I found the box in the bottom of the wardrobe, but first I decided to re-examine conscientiously the albums that showed the two of them as fiancés, the two of them as bride and groom frowning at the center of a small wedding party, the two of them as an always happy couple, and, finally, me, their daughter, photographed an excessive number of times, from birth to now. I lingered in particular on the wedding pictures. My father was wearing a visibly rumpled dark suit and was scowling in every image; my mother, beside him, not in a wedding dress but in a cream-colored suit, with a veil the same shade, had a vaguely excited expression. I already knew that among the thirty or so guests were some friends from the Vomero they still saw and my mother’s relatives, the good grandparents from Museo. But still I looked and looked again, hoping for a figure even in the background that would lead me somehow or other to a woman I had no memory of. Nothing. So I moved on to the box and after many attempts managed to get it open.

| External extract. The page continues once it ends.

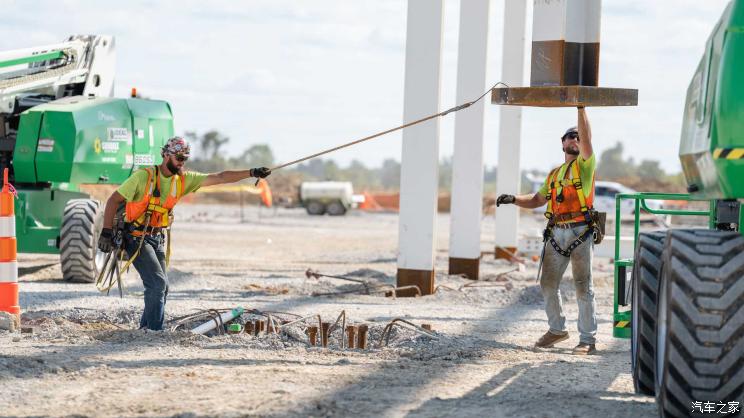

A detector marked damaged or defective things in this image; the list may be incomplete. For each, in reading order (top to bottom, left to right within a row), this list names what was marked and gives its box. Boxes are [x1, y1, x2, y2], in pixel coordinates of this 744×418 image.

rusty column base [494, 85, 640, 107]
rusty column base [448, 256, 482, 280]
rusty column base [396, 268, 436, 298]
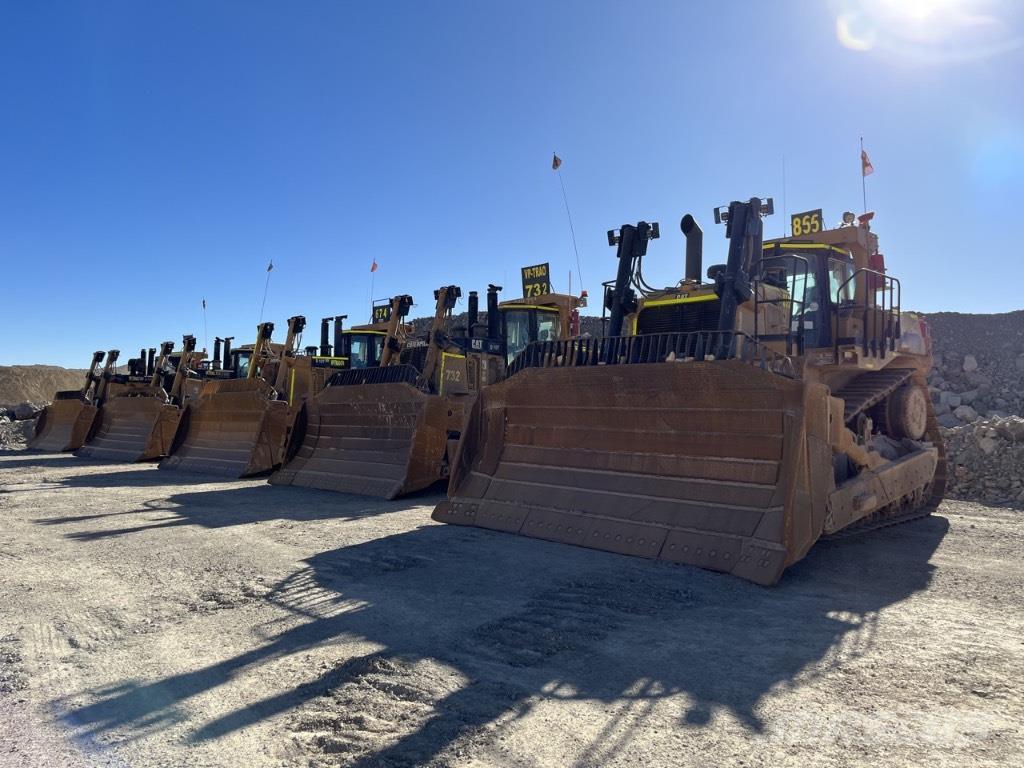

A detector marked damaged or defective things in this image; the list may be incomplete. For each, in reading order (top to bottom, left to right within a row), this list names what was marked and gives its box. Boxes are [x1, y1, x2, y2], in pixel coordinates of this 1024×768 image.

I emptied the contents onto the bed: all the pictures were black and white. The ones of my parents’ separate teenage years were in no order: my mother, smiling, with her classmates, with her friends, at the beach, on the street, pretty and well dressed, was mixed in with my father, preoccupied, always by himself, never on vacation, pants bunching at the knees, jackets whose sleeves were too short. The pictures of childhood and early adolescence had instead been put in order in two envelopes, the ones from my mother’s family and those from my father’s. My aunt—I told myself—must inevitably be among the latter, and I went on to look at them one by one. There weren’t more than about twenty, and it struck me immediately that in three or four of those images my father, who in the others appeared as a child, a boy, with his parents, or with relatives I’d never met, could be seen, surprisingly, next to a black rectangle drawn with a felt-tipped pen. I immediately understood that that very precise rectangle was a job that he had done diligently and secretly. I imagined him as, using a ruler that he had on his desk, he enclosed a portion of the photo in that geometric shape and then carefully went over it with the marker, attentive not to go outside the fixed margins. I had no doubts about that painstaking work: the rectangles were deletions and under that black was Aunt Vittoria.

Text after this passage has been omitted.